GIVEN DATA
══════════

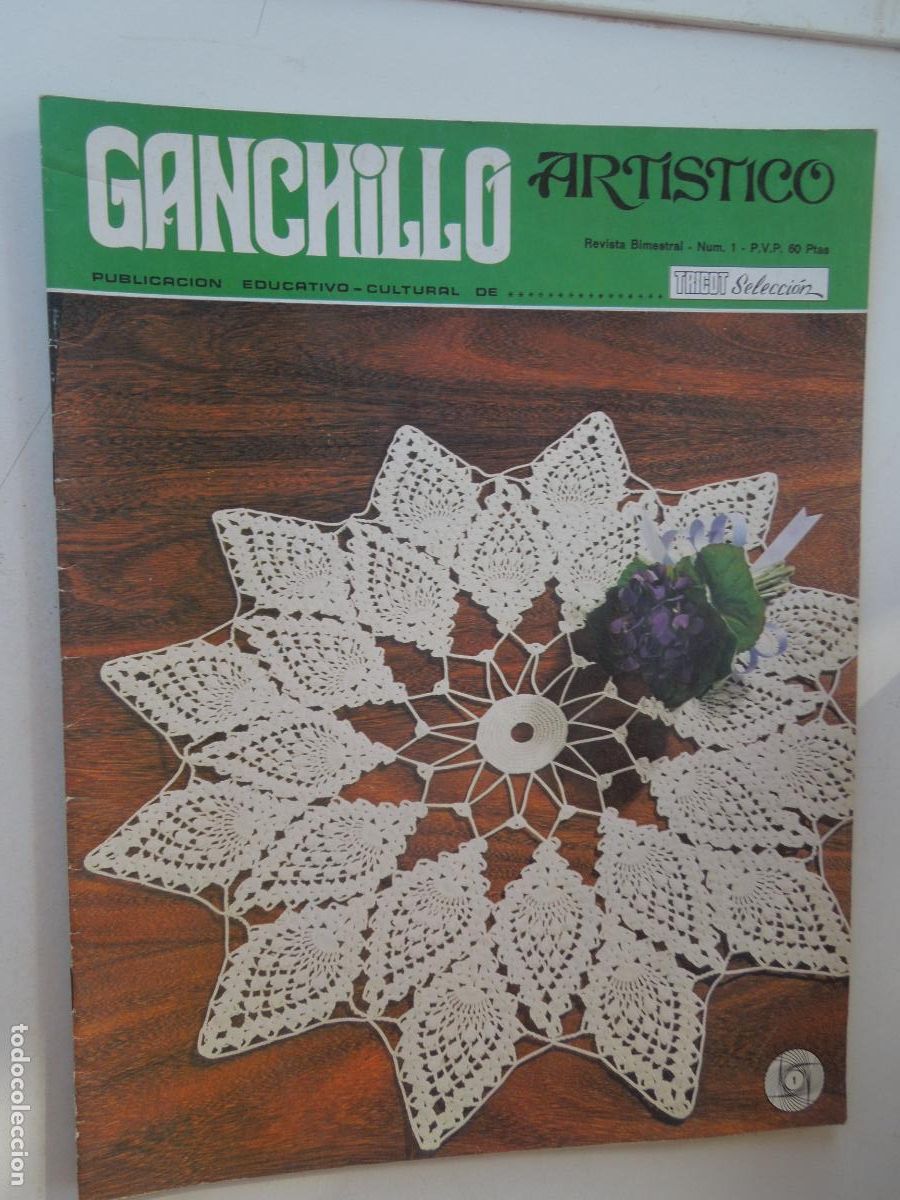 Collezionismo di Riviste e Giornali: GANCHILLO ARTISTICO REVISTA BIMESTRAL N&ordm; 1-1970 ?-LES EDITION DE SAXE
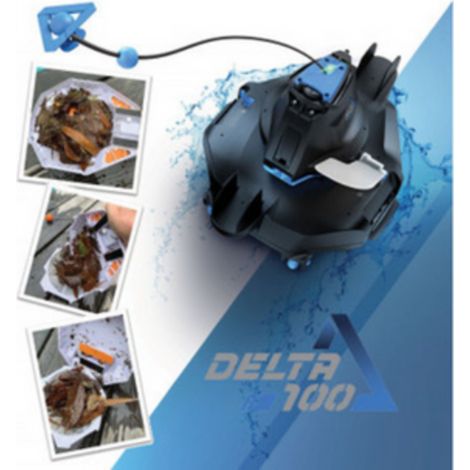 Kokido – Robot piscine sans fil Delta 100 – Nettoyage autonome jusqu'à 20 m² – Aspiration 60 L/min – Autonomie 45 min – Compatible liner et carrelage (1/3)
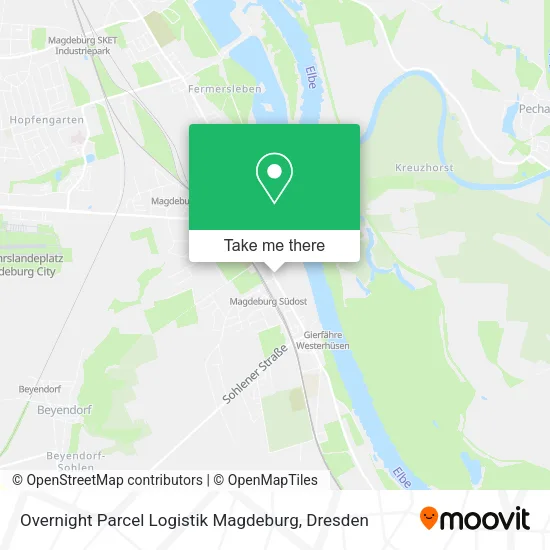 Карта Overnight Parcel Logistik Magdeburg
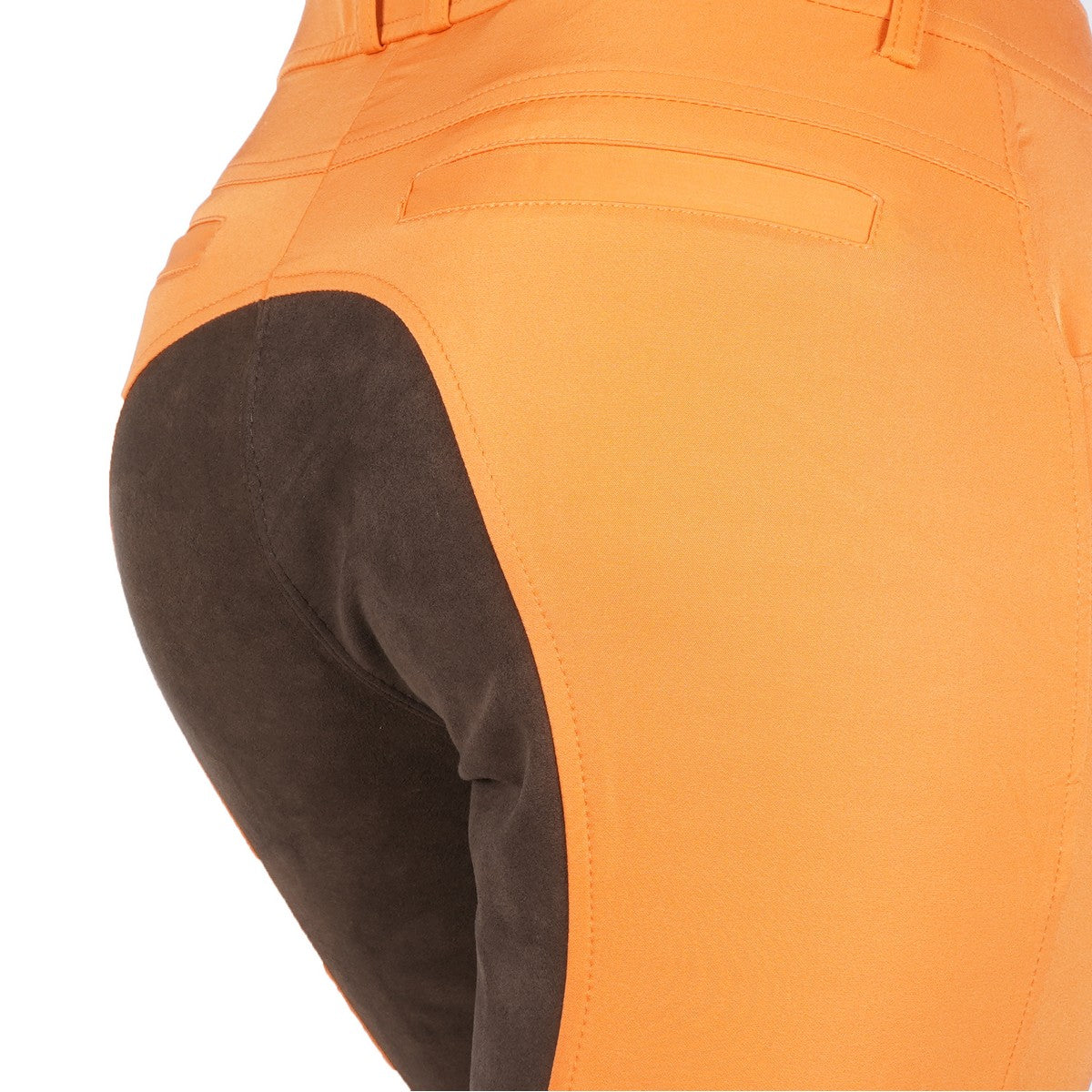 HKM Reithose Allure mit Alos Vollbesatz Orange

══════════

The aim is an exact repeat of the entire listing, stripped of pictures.

 Collezionismo di Riviste e Giornali: GANCHILLO ARTISTICO REVISTA BIMESTRAL N&ordm; 1-1970 ?-LES EDITION DE SAXE
 Kokido – Robot piscine sans fil Delta 100 – Nettoyage autonome jusqu'à 20 m² – Aspiration 60 L/min – Autonomie 45 min – Compatible liner et carrelage (1/3)
 Карта Overnight Parcel Logistik Magdeburg
 HKM Reithose Allure mit Alos Vollbesatz Orange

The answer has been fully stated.